Additionally, sending objects with greater resolution than necessary can cause wasted bandwidth. The most popular example is with DateTime values. The values are best serialized by their tick value. You can easily construct and manipulate DateTime objects using ticks. Ticks are a representation of 100 nanosecond time intervals stored in a Long. Chances are the business logic does not require fidelity down to the 100th nanosecond. Serializing a DateTime object to ticks and dividing that by 10000000 can shrink your DateTime object by 7 bytes and still provide 1-second fidelity. Considering an object's resolution and data fidelity when serializing can help shave precious bytes from large data payloads.

Additional Tips and Tricks

One of the advantages of using C# and .NET to build your application is the ability to carry your data-model objects with you when building the backend services. If using WCF to build RESTful services, the Model classes can be leveraged within the data server code too. This makes it easier to communicate data requirements and leverage more shared code.
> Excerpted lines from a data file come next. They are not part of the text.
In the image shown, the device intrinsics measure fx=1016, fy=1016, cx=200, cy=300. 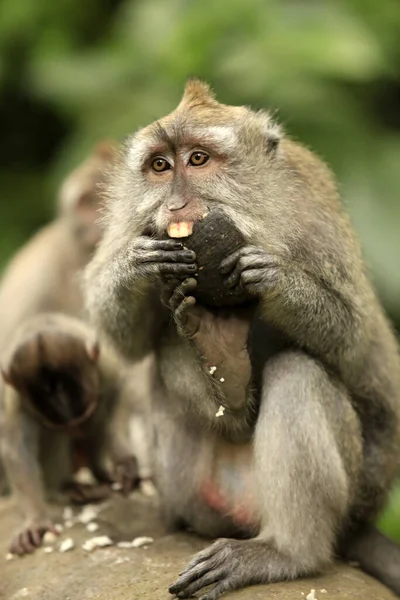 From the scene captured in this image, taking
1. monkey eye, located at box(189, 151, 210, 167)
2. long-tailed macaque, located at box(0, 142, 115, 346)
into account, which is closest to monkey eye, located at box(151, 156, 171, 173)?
monkey eye, located at box(189, 151, 210, 167)

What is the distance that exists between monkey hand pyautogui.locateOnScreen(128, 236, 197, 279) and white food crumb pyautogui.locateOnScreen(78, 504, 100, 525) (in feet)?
6.70

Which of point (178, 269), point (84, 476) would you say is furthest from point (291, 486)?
point (84, 476)

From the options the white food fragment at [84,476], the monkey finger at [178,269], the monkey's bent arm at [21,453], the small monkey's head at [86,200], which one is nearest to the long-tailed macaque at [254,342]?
the monkey finger at [178,269]

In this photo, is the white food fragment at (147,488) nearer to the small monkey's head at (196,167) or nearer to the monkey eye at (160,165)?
the small monkey's head at (196,167)

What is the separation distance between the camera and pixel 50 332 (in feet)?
21.1

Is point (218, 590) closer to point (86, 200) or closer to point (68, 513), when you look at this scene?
point (68, 513)

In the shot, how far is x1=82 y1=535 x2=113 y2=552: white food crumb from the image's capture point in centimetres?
582

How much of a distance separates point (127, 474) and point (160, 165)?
2793 millimetres

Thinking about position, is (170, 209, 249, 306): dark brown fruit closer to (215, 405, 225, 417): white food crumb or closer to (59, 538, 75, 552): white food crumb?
(215, 405, 225, 417): white food crumb

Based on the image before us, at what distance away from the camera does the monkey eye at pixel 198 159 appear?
4922 millimetres

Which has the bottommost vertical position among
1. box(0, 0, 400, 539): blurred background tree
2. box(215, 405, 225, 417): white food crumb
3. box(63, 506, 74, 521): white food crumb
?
box(63, 506, 74, 521): white food crumb

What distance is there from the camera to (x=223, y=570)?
4934 mm

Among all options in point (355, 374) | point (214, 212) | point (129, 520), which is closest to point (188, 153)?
point (214, 212)

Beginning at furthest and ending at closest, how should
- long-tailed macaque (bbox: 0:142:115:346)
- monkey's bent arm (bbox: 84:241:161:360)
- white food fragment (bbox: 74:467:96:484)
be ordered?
long-tailed macaque (bbox: 0:142:115:346), white food fragment (bbox: 74:467:96:484), monkey's bent arm (bbox: 84:241:161:360) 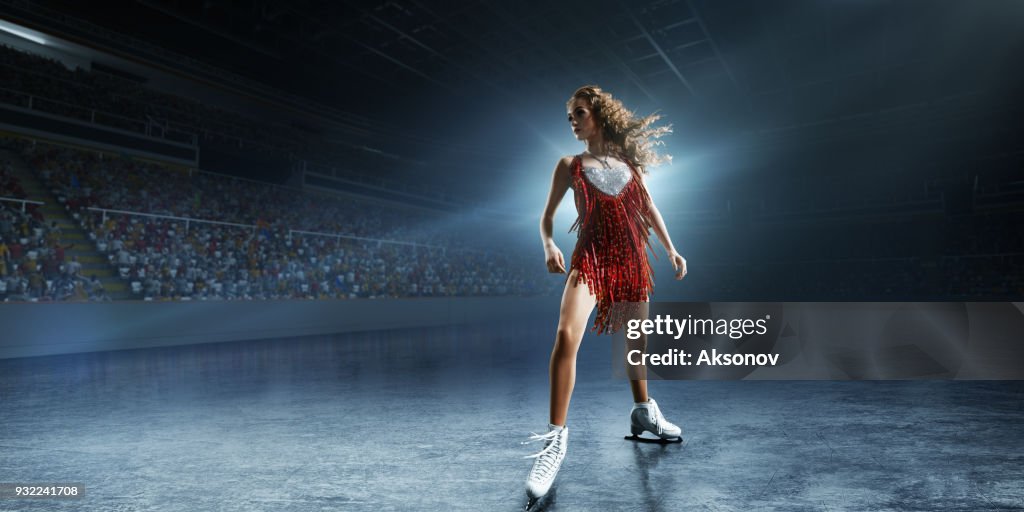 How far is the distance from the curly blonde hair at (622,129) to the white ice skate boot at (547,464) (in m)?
1.32

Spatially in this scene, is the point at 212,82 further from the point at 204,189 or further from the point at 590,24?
the point at 590,24

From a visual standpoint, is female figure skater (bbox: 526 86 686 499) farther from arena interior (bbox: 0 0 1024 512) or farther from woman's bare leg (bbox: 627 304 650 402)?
arena interior (bbox: 0 0 1024 512)

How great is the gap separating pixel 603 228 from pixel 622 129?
0.50 metres

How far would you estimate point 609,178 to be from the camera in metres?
2.74

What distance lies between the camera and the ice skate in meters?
2.92

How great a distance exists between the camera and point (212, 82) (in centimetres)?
1576

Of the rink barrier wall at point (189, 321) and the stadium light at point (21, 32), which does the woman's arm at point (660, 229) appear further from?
the stadium light at point (21, 32)

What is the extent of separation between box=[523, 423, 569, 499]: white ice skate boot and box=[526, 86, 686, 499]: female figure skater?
7cm

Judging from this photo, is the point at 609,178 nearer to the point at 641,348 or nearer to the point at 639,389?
the point at 641,348

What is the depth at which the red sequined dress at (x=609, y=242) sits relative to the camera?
267 centimetres

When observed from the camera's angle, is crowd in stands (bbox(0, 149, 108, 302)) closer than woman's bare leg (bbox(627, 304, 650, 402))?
No

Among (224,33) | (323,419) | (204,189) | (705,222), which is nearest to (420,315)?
(204,189)

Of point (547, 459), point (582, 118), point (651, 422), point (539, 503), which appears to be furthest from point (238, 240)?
point (539, 503)

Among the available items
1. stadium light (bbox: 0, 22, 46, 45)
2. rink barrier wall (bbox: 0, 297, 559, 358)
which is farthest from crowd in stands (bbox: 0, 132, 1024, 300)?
stadium light (bbox: 0, 22, 46, 45) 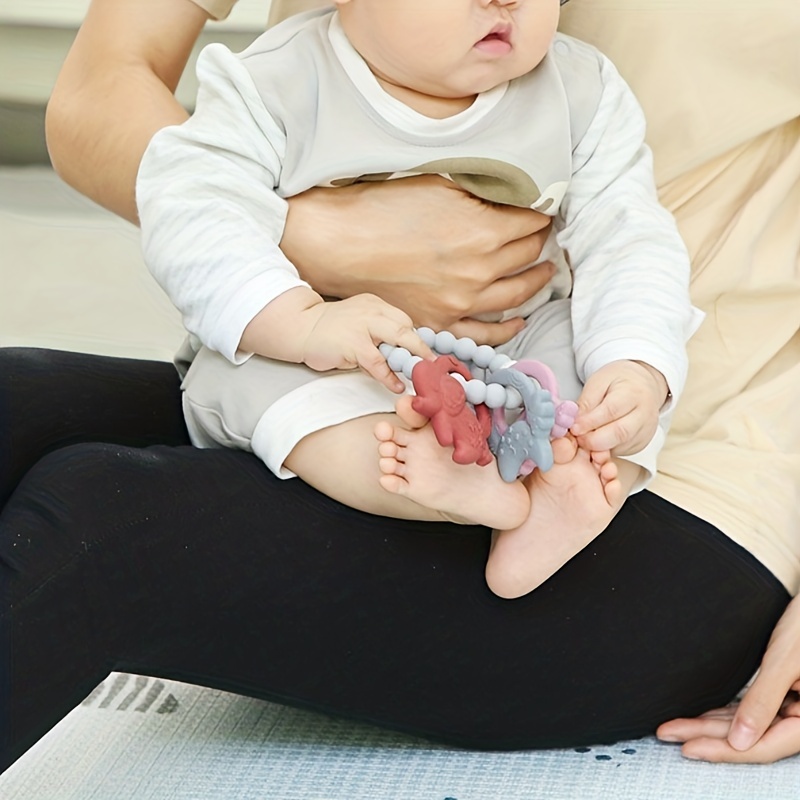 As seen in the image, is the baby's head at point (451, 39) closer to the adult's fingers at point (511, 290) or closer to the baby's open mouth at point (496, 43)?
the baby's open mouth at point (496, 43)

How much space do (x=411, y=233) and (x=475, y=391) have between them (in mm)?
191

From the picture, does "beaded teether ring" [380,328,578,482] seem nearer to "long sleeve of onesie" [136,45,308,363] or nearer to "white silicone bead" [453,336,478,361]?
"white silicone bead" [453,336,478,361]

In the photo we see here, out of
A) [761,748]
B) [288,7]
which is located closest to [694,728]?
[761,748]

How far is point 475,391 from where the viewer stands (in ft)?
2.20

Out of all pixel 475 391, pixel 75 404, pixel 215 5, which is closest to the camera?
pixel 475 391

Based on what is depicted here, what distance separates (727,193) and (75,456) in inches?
20.2

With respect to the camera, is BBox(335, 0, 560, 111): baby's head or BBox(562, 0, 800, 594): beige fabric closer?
BBox(335, 0, 560, 111): baby's head

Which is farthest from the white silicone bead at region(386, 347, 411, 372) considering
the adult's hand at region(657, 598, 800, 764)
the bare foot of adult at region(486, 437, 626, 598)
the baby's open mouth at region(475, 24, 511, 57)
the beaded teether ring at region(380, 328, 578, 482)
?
the adult's hand at region(657, 598, 800, 764)

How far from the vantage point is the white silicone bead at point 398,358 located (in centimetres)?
68

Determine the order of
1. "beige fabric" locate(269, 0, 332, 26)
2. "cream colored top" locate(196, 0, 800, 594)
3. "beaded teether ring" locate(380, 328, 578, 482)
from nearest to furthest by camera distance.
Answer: "beaded teether ring" locate(380, 328, 578, 482), "cream colored top" locate(196, 0, 800, 594), "beige fabric" locate(269, 0, 332, 26)

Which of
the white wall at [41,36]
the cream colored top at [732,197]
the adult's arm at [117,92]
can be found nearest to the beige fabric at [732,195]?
the cream colored top at [732,197]

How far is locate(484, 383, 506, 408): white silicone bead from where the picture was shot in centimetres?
68

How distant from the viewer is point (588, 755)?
2.66 ft

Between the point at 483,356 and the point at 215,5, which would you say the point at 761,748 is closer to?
the point at 483,356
Delayed instantiation is another trick to keep in mind if you are pre-fetching data objects. The concept of delayed instantiation is to prevent over consumption of large data items until the application run-time requires it. Because larger data objects require lengthier downloads, it can be advantageous to retrieve them in a background thread with the intent to them accessible on the device before the user needs them. When downloading data with a large number of objects, deserialization of the data can bog down the CPU. If the device is idle, it won't be a problem; but, if a screen rendering is occurring, the user could notice a significant delay in screen animations. For that reason, cache the resource to disk, but avoid deserializing the resource into objects until necessary.

Building Your Controllers

Just as the heart of your application's responsiveness is in the model, the capability to leverage shared business logic exists within the controller. Business logic is the root of your application. It's the logic specific to your application's objects. Leveraging a shared code base for this logic allows you to reuse tested code as you take your application to new platforms.

The controller code provides an opportunity for the business logic to evaluate the current state of the model and execute a decision tree. You can find an example of this in your customer management workflow. Your customer management example provides a workflow where an order is processed. Order processing often includes business logic such as payment validation, in-stock status, and saving the order to the backend system. And, because the order processing code must execute on every platform, the controller is an ideal spot to place the code. Alternatively, you can place the order-processing code in the button or keystrokes' event handlers, but UI code cannot be compiled by each platform. The controller code is compiled into the application assembly and executed from a shared code base on each platform. If the logic were placed inside an event handler of a UI control, the majority of that platform-agnostic validation code would need to be copied and pasted between platform assemblies. To ensure the easiest code maintenance, compiling assemblies with shared code files is a far superior structure than copying and pasting C# code between source code files.

Implementing Your Workflow

Within the MonoCross pattern, the Controller code must accomplish a couple of tasks. It must identify and process any parameters passed within the navigation URI, perform business logic related to the state of the application, and return a view perspective that can be leveraged by each platform's container. The platform container uses that perspective to determine what view to display.

Perhaps the easiest way to explore a controller's jobs is in code. You can break down the controller's three responsibilities into individual code segments. Within the customer management example you've been working through, you can pull out workflows to help highlight the concepts.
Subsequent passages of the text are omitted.